Security researcher Sharon Brizinov earned $64,000 in bug bounties after finding hundreds of secrets leaking in dozens of public GitHub repositories.
What makes Brizinov’s findings special is that the leaked secrets were found in files that had been deleted from the scanned repositories, which also reveals risks associated with a lack of appropriate actions when dealing with such leaks.
The issue his research brings to the spotlight is that developers may not be aware that Git retains copies of all files within a repository, even if they are no longer available in the working directory.
A distributed revision control system, Git tracks content using a commit – tree – blob structure. It captures snapshots of the repository’s state, and relies on branches for reviewing commit history, and on tags for referencing specific commits.
Because it stores each version of a file as a unique object and keeps a complete history of the changes made to a repository, Git makes it easy to revert to previous states and to restore files that have been deleted or removed from the working directory and committed.
“Once a commit is created, its data is stored in .git/objects and remains there even if it’s no longer referenced by any branch or tag. Unreferenced (dangling) objects aren’t removed immediately — they’re typically retained for around two weeks before being eligible for garbage collection,” Brizinov explains.
Removing files from Git history may prove difficult, as the system maintains references to them in heads and tags, and older commits still contain files removed in newer ones.
“To completely remove a file from history, one must rewrite history using tools like git filter-branch, git-filter-repo or by manually rebasing and running garbage collector (with prune) to clear unreachable objects,” Brizinov says.

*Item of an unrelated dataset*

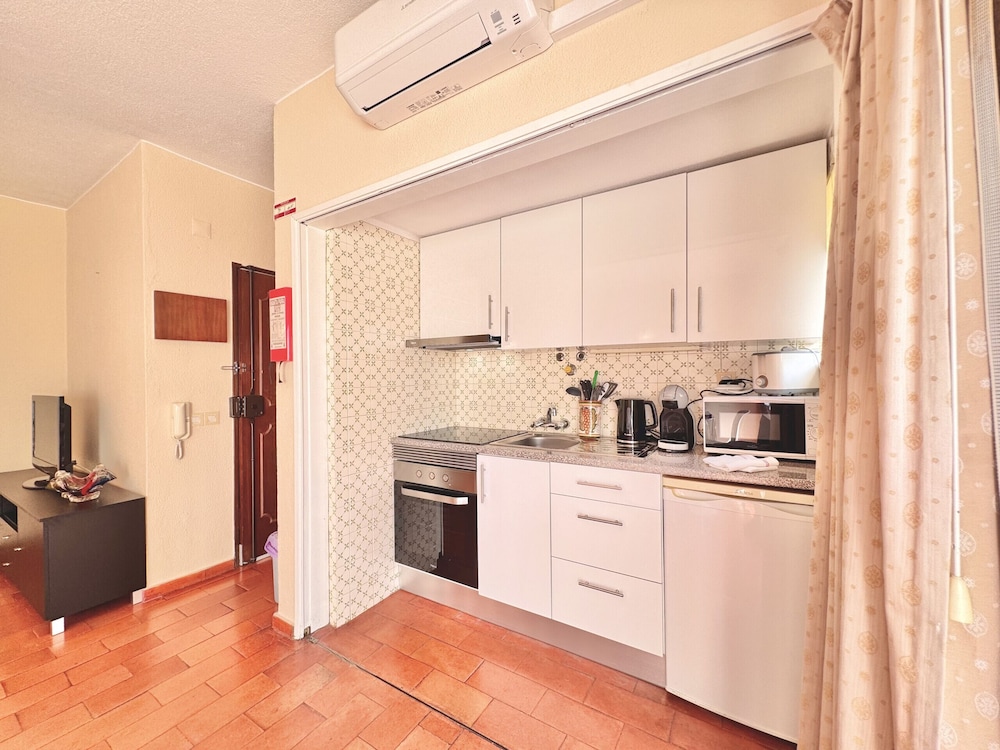 Vilamoura Central 10 by Homing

When it comes to public repositories, he notes, completely removing committed files is virtually impossible, as they may have been copied or cloned elsewhere.
To shed light on these risks, Brizinov built an automated tool to clone public repositories, traverse all commits to find deleted files, restore them, and scan them for secrets such as API keys, tokens, and credentials.
He focused on companies with active bug bounty programs and those with Github repositories that have over 5,000 stars, and discovered hundreds of active secrets, mainly in binary files that had been deleted after being committed to the repository.
In addition to platform-specific developer tokens and sessions, and email SMTP credentials, Brizinov discovered tokens for GCP projects, AWS, Slack, GitHub, OpenAPI, HuggingFace, and Algolia.
“Why did the secrets get leaked in the first place? After analyzing dozens of real-impact cases, I can summarize this question into three explanations— lack of knowledge of how Git works, not fully realizing what was committed due to binary files or hidden files, and blindly trusting Git rewrite-history tools,” the researcher notes.
He also points out that, if a secret-leaking file is committed, developers should not simply delete it, but also rotate the potentially impacted secrets, to eliminate the risk of compromise.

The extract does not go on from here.